Judge of the European Court of Human Rights
- In office July 1996 – 1998

Personal details
- Born: Petrus van Dijk 21 February 1943 (age 83) De Lier, Netherlands
- Education: Utrecht University
- Occupation: Legal scholar, judge

= Pieter van Dijk =

Dutch legal scholar and judge (born 1943)

Petrus "Pieter" van Dijk (born 21 February 1943) is a Dutch legal scholar and judge. After being a professor of law of international organizations at Utrecht University between 1976 and 1990 Van Dijk served in multiple judicial positions. He was member of the Dutch Council of State from 1990 until 2013, but also was judge at the European Court of Human Rights (1996–1998) and vice president of the Constitutional Court of Sint Maarten (2010–2013).

==Life==
Van Dijk was born on 21 February 1943 in De Lier. After attending the gymnasium he obtained a degree in Dutch law at Utrecht University. From 1967 to 1976 Van Dijk worked as a scientific employee at the Europa Institute of Utrecht University. He obtained his PhD under Paul Joan George Kapteyn in 1976 with a thesis titled: "Toetsing van overheidshandelen door de nationale en internationale rechter en het vereiste van een procesbelang. Rechtsvergelijkende studies terzake van het procesbelang in het nationale, Europese en volkenrecht". From 1 August 1976 until 1 June 1990 he was professor of law of international organisations at the same university. For the latter half of 1990 he held a temporary position as regular professor of law.

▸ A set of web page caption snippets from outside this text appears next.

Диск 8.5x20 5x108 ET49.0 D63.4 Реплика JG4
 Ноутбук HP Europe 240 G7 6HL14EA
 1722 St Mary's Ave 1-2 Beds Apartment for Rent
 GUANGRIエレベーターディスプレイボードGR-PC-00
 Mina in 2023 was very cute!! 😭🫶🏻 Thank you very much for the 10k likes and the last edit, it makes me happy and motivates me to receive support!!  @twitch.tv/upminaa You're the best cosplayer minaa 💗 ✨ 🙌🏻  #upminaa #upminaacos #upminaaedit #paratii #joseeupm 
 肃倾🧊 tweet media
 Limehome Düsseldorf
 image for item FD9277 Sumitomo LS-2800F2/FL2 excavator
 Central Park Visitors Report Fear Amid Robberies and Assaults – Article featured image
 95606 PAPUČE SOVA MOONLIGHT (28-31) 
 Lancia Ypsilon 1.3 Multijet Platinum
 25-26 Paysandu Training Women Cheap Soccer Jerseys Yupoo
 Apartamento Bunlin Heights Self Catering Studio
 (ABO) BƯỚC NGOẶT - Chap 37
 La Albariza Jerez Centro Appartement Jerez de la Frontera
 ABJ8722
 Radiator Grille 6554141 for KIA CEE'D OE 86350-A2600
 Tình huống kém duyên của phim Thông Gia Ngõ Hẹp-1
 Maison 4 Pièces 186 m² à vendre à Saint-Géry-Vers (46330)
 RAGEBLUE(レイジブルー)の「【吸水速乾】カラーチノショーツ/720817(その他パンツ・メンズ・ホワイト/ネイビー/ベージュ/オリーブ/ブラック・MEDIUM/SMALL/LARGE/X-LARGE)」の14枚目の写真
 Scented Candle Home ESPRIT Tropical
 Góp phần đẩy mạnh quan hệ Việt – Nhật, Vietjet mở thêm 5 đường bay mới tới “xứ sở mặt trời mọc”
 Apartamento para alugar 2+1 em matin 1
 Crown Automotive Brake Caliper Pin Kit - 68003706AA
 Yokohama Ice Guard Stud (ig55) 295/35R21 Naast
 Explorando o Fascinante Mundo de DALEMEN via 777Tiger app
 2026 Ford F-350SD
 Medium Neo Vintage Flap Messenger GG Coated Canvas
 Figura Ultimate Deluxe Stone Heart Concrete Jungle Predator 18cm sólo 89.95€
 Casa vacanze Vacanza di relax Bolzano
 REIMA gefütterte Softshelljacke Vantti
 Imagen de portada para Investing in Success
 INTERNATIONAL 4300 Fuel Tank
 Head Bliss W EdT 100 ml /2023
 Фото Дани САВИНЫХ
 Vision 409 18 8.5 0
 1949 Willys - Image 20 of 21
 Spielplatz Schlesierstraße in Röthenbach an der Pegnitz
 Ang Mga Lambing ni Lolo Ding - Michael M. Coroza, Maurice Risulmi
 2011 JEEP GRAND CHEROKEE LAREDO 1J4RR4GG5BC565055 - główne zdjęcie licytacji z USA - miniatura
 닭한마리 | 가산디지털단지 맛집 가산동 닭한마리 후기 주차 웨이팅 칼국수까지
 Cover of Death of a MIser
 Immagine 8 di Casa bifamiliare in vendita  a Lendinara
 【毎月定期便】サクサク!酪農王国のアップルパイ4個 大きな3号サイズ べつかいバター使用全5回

Van Dijk was appointed a member of the Council of State per 1 June 1990. From April 2001 until 2003 Van Dijk was chair its administrative jurisdiction division. He held this position again between November 2006 and 1 May 2010. Van Dijk's membership of the Council of State ended on 1 March 2013. While member of the Council of State Van Dijk had also served as judge at the European Court of Human Rights from July 1996 until 1998. From 1 September 2010 until 1 March 2013 he, also concurrently with his membership of the Council of State, served as vice president of the Constitutional Court of Sint Maarten. Van Dijk was the first vice president of a constitional court of the Kingdom of the Netherlands. He had to retire due to age restrictions and was succeeded by B. Vermeulen.

Van Dijk was elected a member of the Royal Netherlands Academy of Arts and Sciences in 1982. In 1989 he became a member of the Academia Europaea.

Van Dijk also served on the Venice Commission, he was a member and between 2003 and 2005 vice president. After Dutch member of parliament Pieter Omtzigt in 2021 proposed to have the Venice Commission look into Dutch administrative law Van Dijk called the request extraordinary, but laudible for the Netherlands to self-reflect.